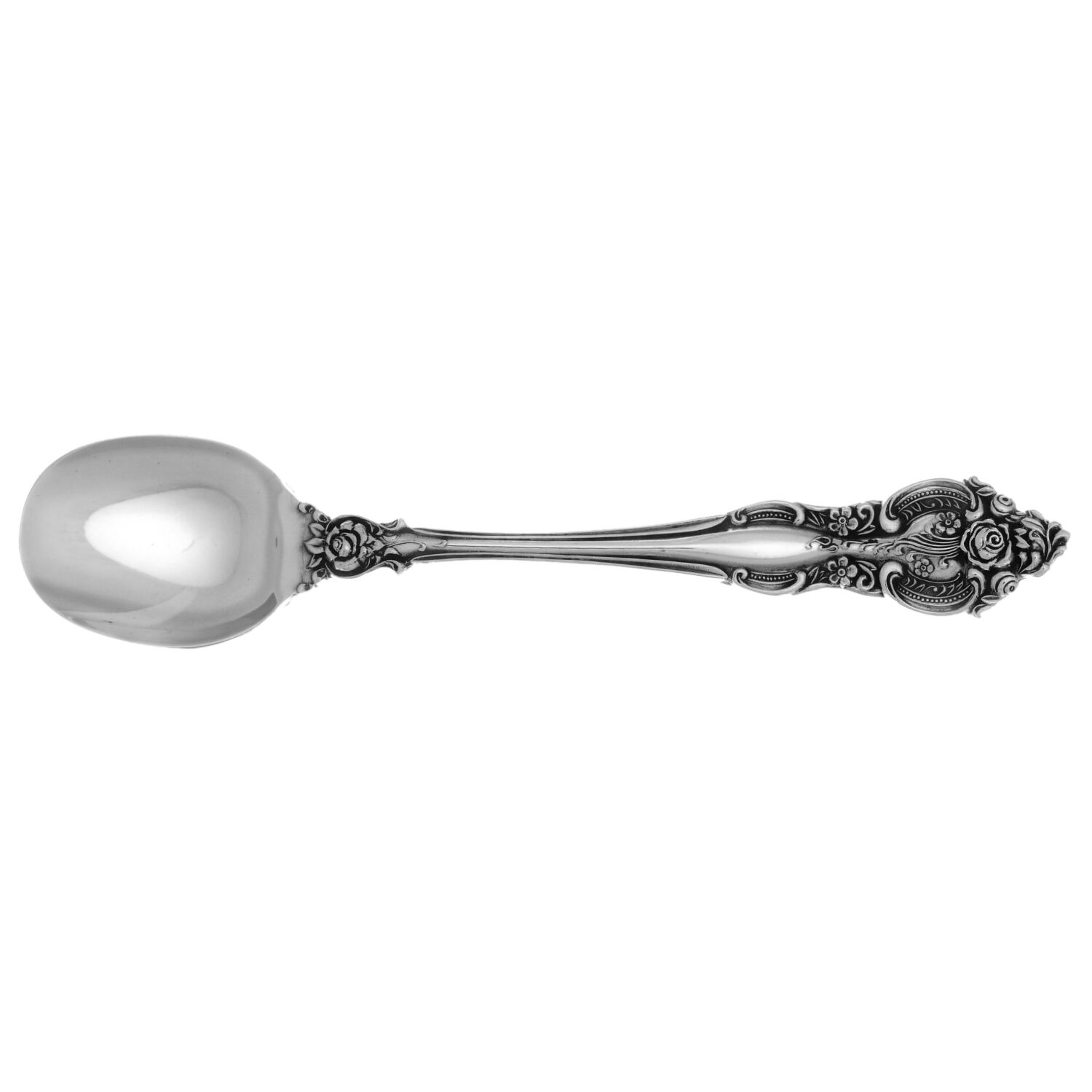 OHS64 (STAINLESS) Round Bowl Soup Spoon (Cream Soup) HC by Oneida Silver-1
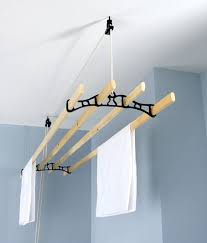 Traditional Ceiling Mounted Clothes Airer Laundry Room Clothes Line Kitchen Maid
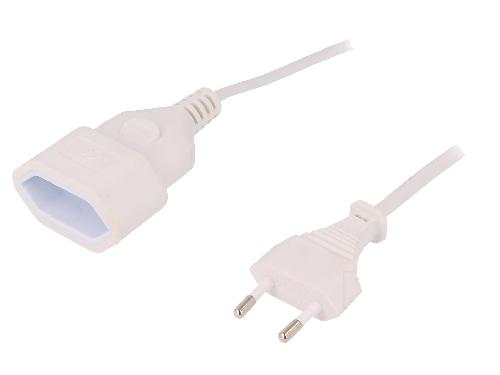 Cable D'alimentation Cable d'extension d'alimentation blanc- 2m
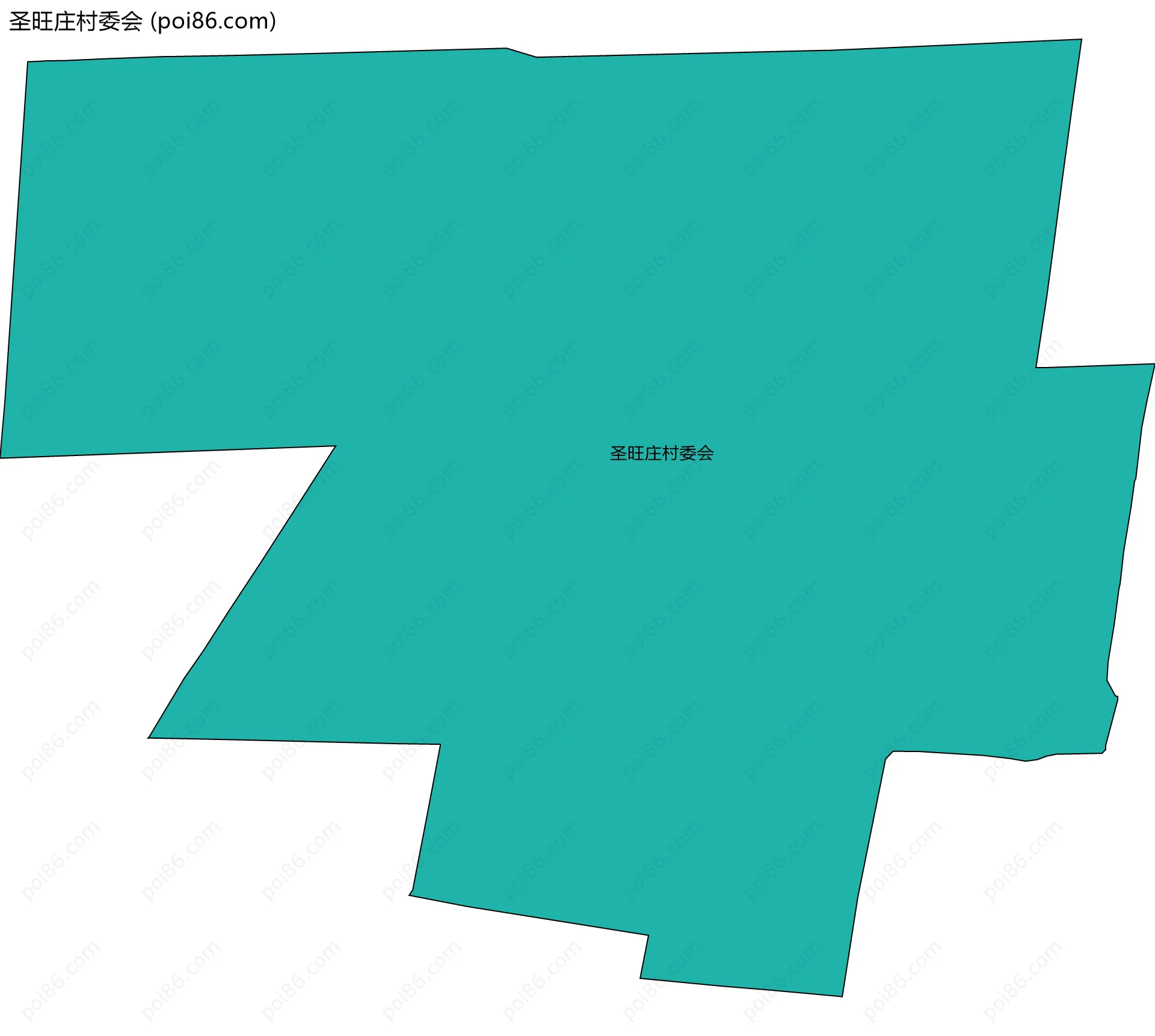 圣旺庄村委会边界地图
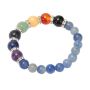Chakra Bracelet For Anxiety Lightweight Dumortierite Stone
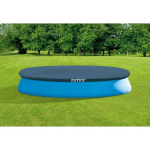 BÂCHE DE PROTECTION POUR PISCINE AUTOPORTÉE RONDE INTEX 4,57 M - BLEU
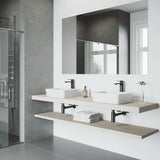 VIGO Marigold MatteStone Matte White Bathroom Sink/Basin Set with Norfolk Faucet and Rectangular Composite Vessel image 8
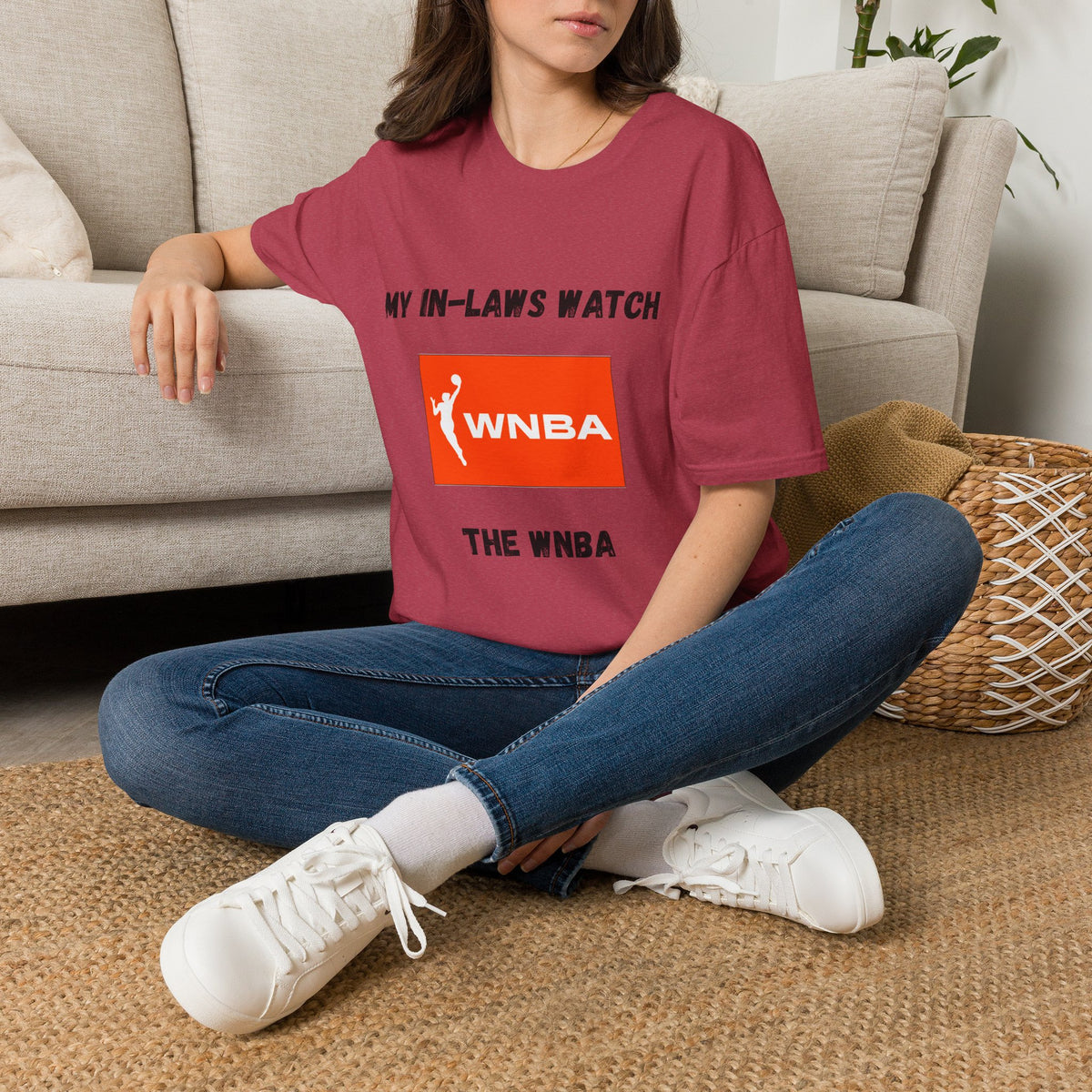 My In-Laws Watch WNBA T-Shirt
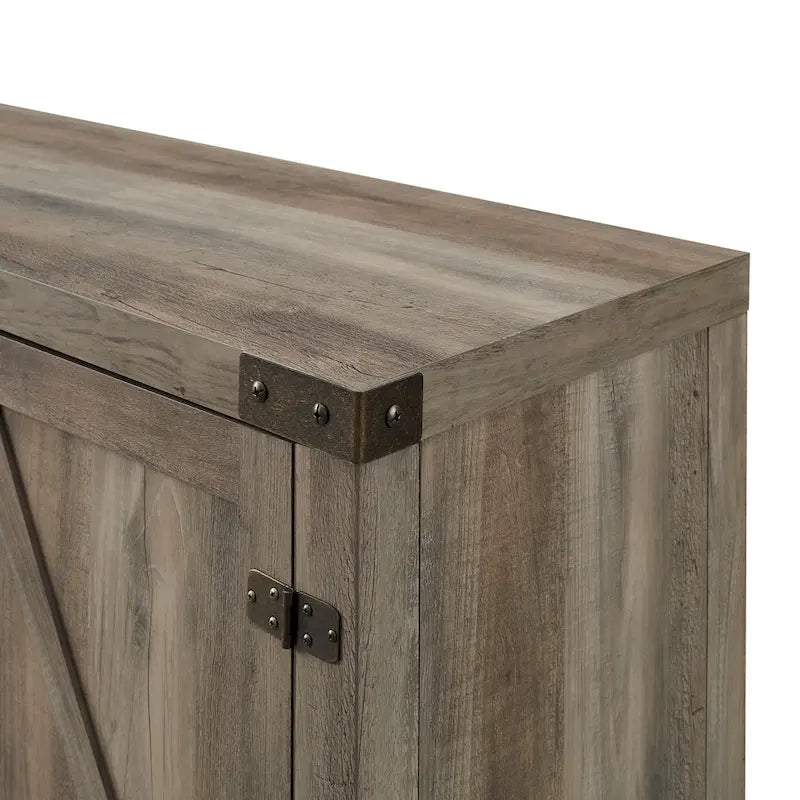 Middlebrook Firebranch 58-inch Barn Door TV Stand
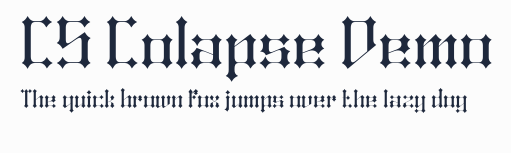 CS Colapse Demo預覽圖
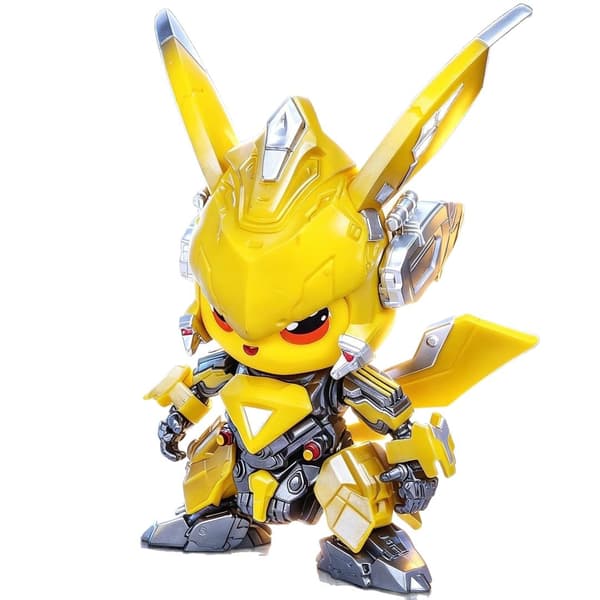 Bumblebee Mech Pikachu Håndlavet Pok é mon Trendy Play GK Model Tilbehør Gave Pikachu COS Bumblebee
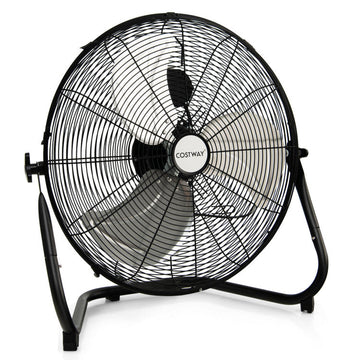 High-Speed Industrial Floor Fan - Durable Metal Design with Adjustable Tilt & Quiet Operation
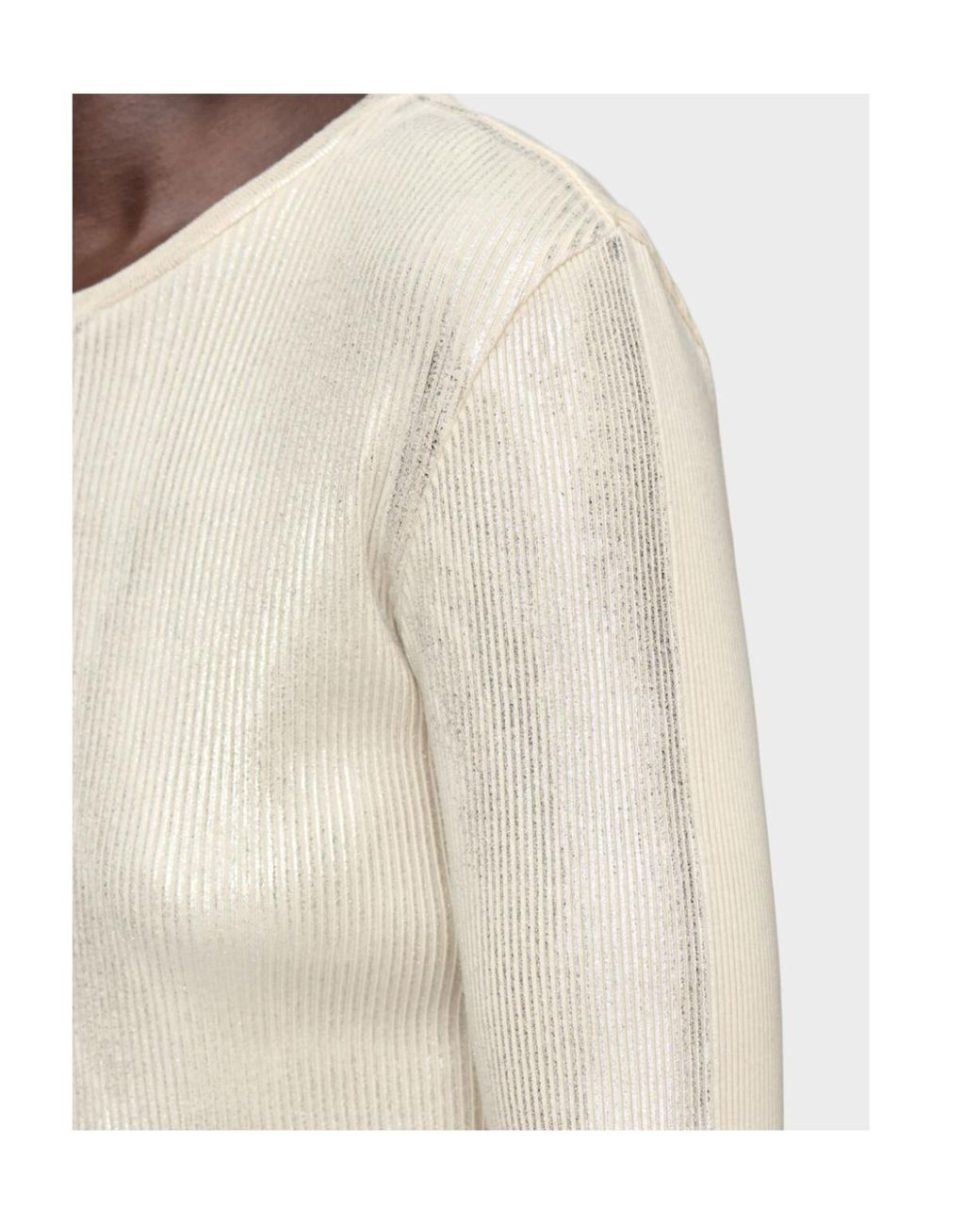 Maison Margiela White Print Long-Sleeve Top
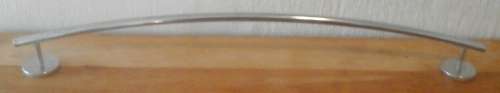 A MAGNIFICENT ARCHED SINGLE STAINLESS STEEL TOWEL RAIL. MAGNIFICENT DECOR FOR YOUR BATHROOM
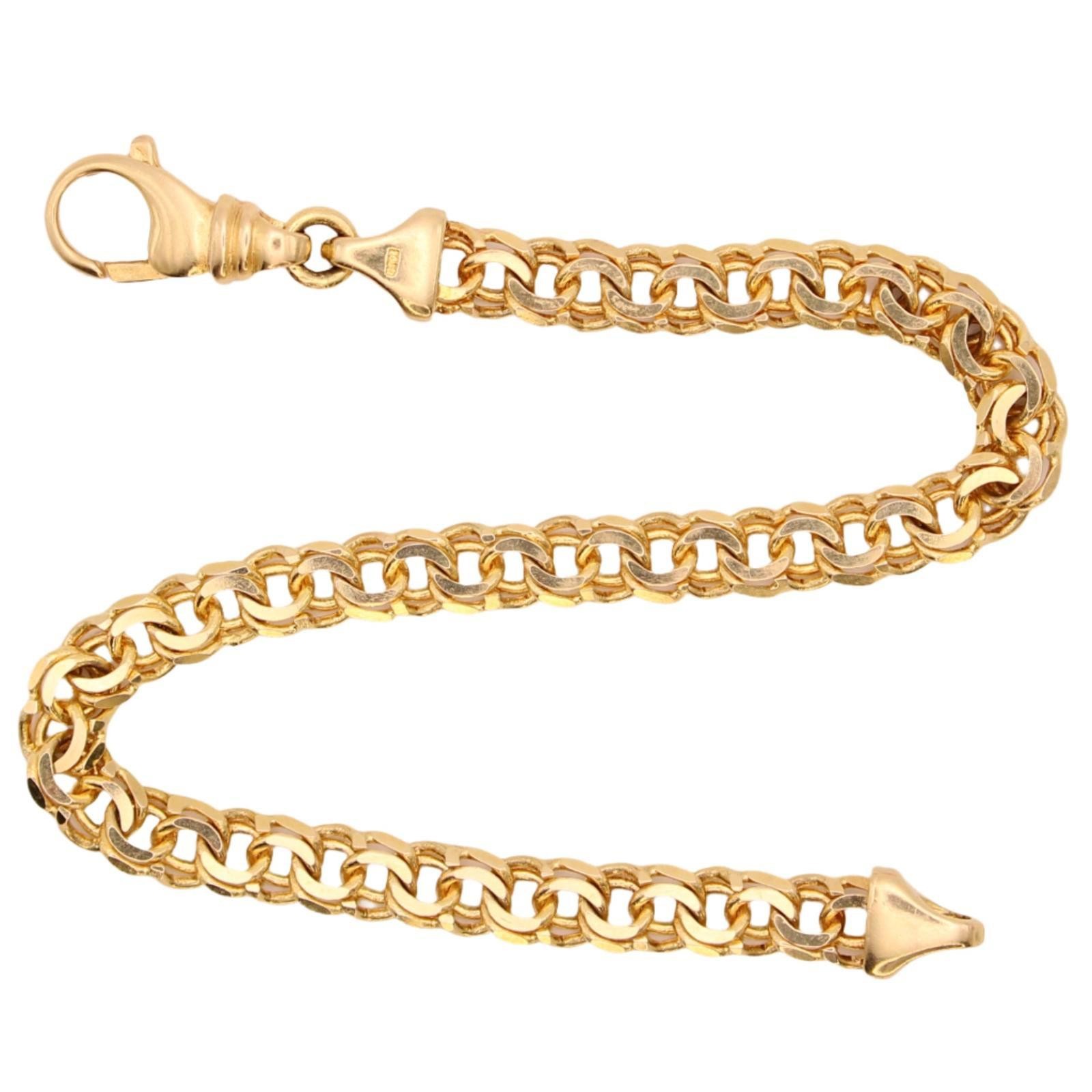 14kt Yellow Gold Heavy Solid Double Round Chain L… - image 3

- [Exercise aim]
Copy only the lines above from the one containing "BÂCHE DE PROTECTION" through the one containing "Bumblebee Mech Pikachu", both included. Leave out the pictures.

- [Exercise output]
 BÂCHE DE PROTECTION POUR PISCINE AUTOPORTÉE RONDE INTEX 4,57 M - BLEU
 VIGO Marigold MatteStone Matte White Bathroom Sink/Basin Set with Norfolk Faucet and Rectangular Composite Vessel image 8
 My In-Laws Watch WNBA T-Shirt
 Middlebrook Firebranch 58-inch Barn Door TV Stand
 CS Colapse Demo預覽圖
 Bumblebee Mech Pikachu Håndlavet Pok é mon Trendy Play GK Model Tilbehør Gave Pikachu COS Bumblebee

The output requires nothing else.